つまりポルトガルの赤ワイン,ティントであった。
サンディマンを出ると外はすっかり暗くなっていた。
バスに戻るとこれからサンフランシスコ教会へ。し
かしその頃から雨が次第に強くなりだしていた。14
世紀初頭に建てられたこの修道院付属の教会はな
んと200キロにも及ぶ金が使われていると言う。
きつい雨の中を教会の階段を上る。確かに教会の
あらゆる彫刻は金箔に覆い尽くされていた。カトリッ
クは正に富の集まる権力の中枢に存在していたこ
とを理解する。

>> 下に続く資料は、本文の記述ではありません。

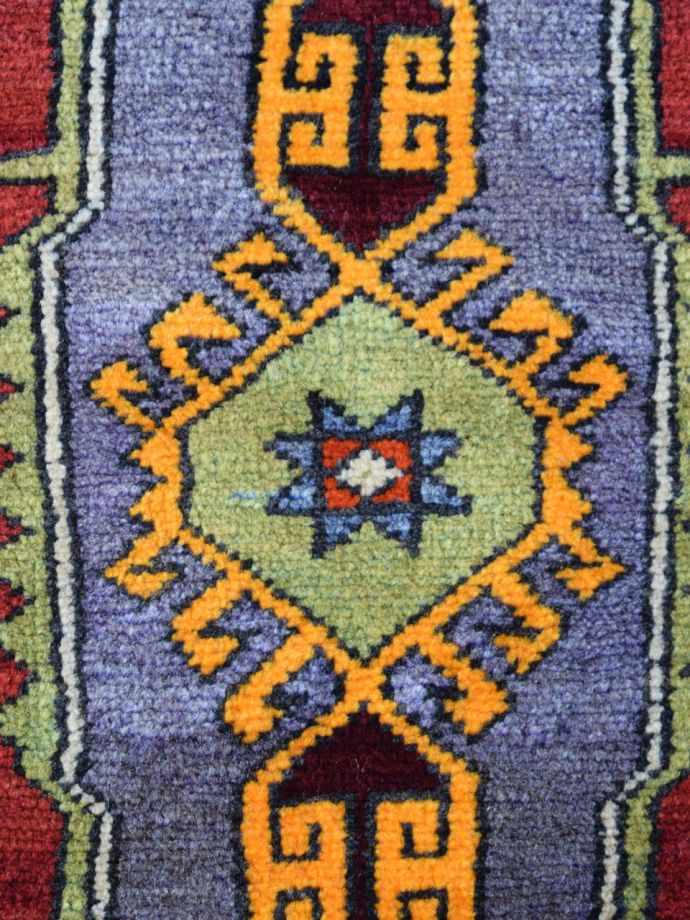 1点もののビンテージ絨毯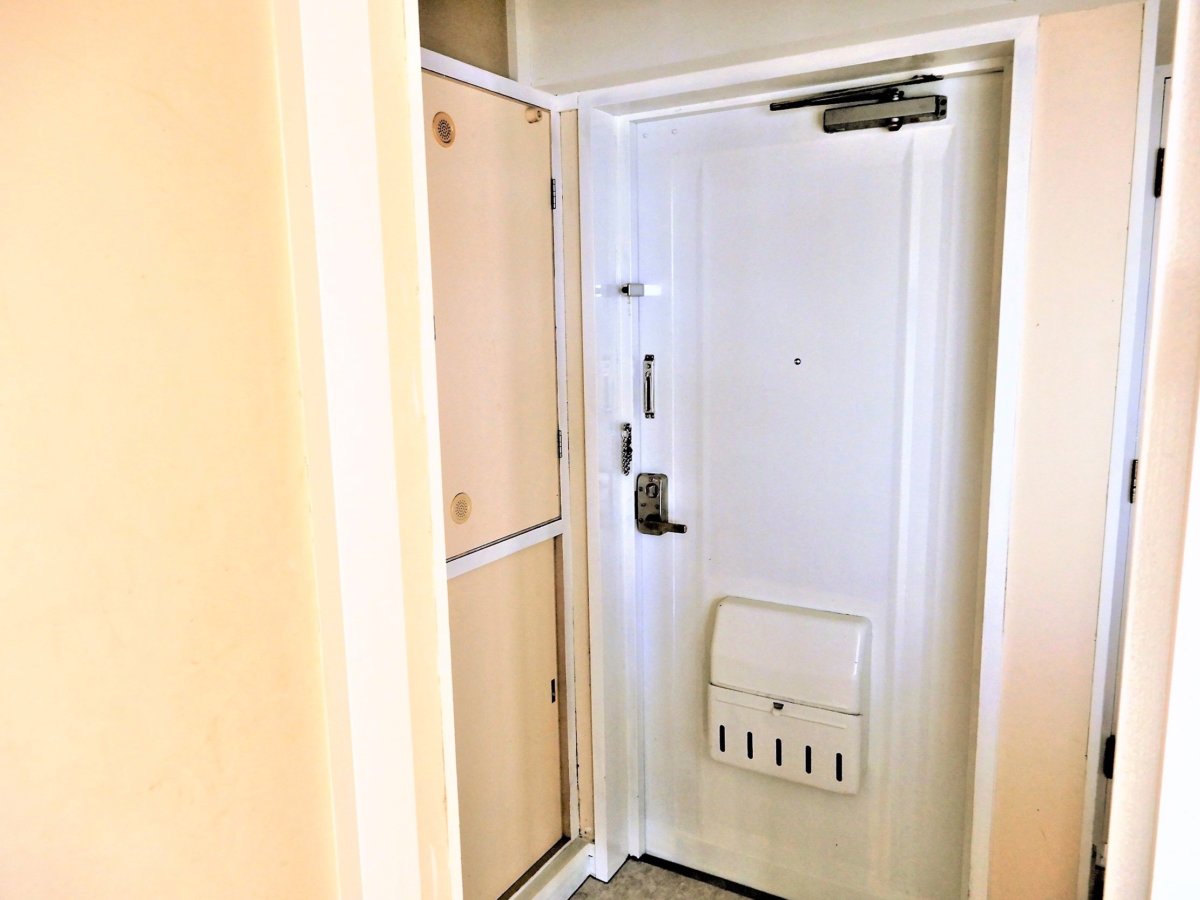 玄関　別部屋の写真です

今は現役の教会ではなく博物館に
なっていると言う。高い天井の何処からか厳かに鳴
り響く賛美歌はどうやらテープの仕業と知って興醒
めする。
(サンフランシスコ教会の主祭壇)
それはともかく帰る段になって、雨は一層激しく叩きつけ一歩も外へ出られない。この教会の床は珍しく石ではなく板張りだった。聞くとその下には聖職者の遺体が埋葬されていると言う。我々を始め観光客は皆のその上を何事もない様に歩いている。確かローマの寺院でもそんなことを聞いたことを思い出した。エヴォラでの人骨堂と言いカトリックの世界と仏教の世界とはやはり死生観の違いだろうか
帰りのバスがまた渋滞した。この雨のせいばかり
でもない。ホテルには7時過ぎに到着した。特に特
長があるというホテルではないが洗面所で一つ発
見があった。風呂に電話はさして珍しくない。伸縮
自在の鏡が珍しかった。洗面の鏡ではなく顔に引
き付けて使うのは男性では髭剃り、女性なら化粧
に必須であろう。
(洗面所の伸縮自在の鏡)
翌朝は一応雨は上がっていた。しかしホテルの窓
から外を見る度に様子が変わっている。9時の出
発前にいつもの癖でホテル周辺の散歩に出る。出
勤のポルト市民や小学校へ通う子供達に出会った。
しばらく歩くうちにまたパラパラときた。これは遠く
迄は行けないと道を曲がる。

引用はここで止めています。